Any history, truthful as it might aim to be, lies in its omissions. The missing here include women--who, though no doubt essential to this history, left little record of their work; the Hispanics--who also left few records, their importance ignored by the record-keepers in part due to prejudice, in part due to language barriers, in part due to their essential but background (and therefore hidden) roles. They deserve a book of their own, given their omnipresence as farmworkers through the twentieth century. Missing, too, the cowboys who roamed the area before getting squeezed out by settlers; the Shelleyites, the Wapello folk, those in the foothills to Blackfoot's east--some of the first to the area; Aberdeen gets the short shrift--but they're used to it, having tried to secede from the county in the 1930s, tired of lousy roads. More omissions? The early canal builders of the 1880s, prior to the Carey era, who left little record save their still-intact work. World War II. The INEL's emergence on the desert. What about Cantonment Loring, the short-lived army post just southwest of Ferry Butte? Fort Lander, an attempt to establish a camp just north of the old Fort Hall? Flagtown, briefly a community west of Moreland? Paul Solem calling down flying saucers for a week in the summer of 1969? Malcolm Forbes' balloon crash in Springfield? The CCC camps in the 1930s there and in Midway?

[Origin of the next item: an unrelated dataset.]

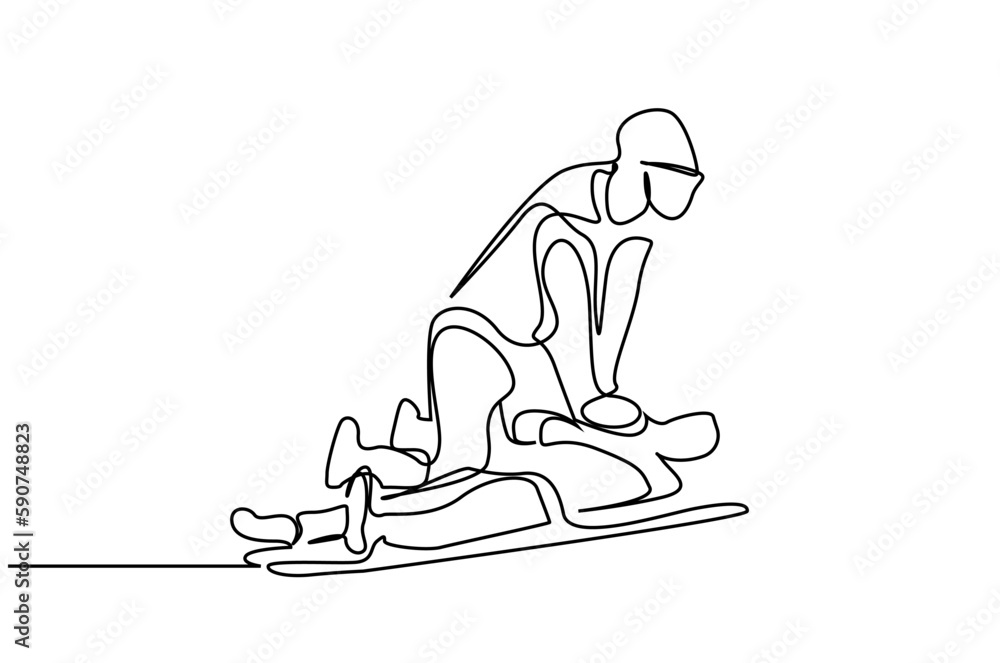 healthcare worker doing CPR patient accident lifestyle line art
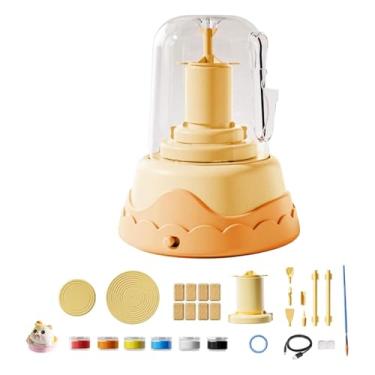 Imagem de Fancyes Kit de torno de oleiro infantil, máquina de modelagem de cerâmica, faça você mesmo, brinquedo criativo e educativo para meninos e meninas, kit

Despite its historical gaps and despite the arbitrariness of lines, this book nonetheless groups its essays into six sections, the last the most important and an obvious choice. Given the importance of southeast Idaho's "working river", the Snake, it deals primarily with area canals and reservoirs, omitting the massive Twin Falls project but, just for kicks, including the Priestly Siphon Elevator near Hagerman, which was too intriguing to leave out. The first section contains information pertinent to the Fort Hall Reservation, though bypassing a vast, sprawling native history. The second section takes a look at the small towns that sprang up with the canal system, omitting Thomas, Rich, Moreland and Riverside (and others) which arose earlier and have been written about elsewhere. Part three has a few biographies of men, some of lesser prominence than other historical figures associated with early history, while the fourth collects selected events of importance or interest in Blackfoot, which inevitably bleeds into Bingham County's significant occurrences, collected in part five.

Use this book as a reference only to guide you to more accurate sources. It should be viewed as part entertainment and part relic, a last stab at preserving past events and ideas.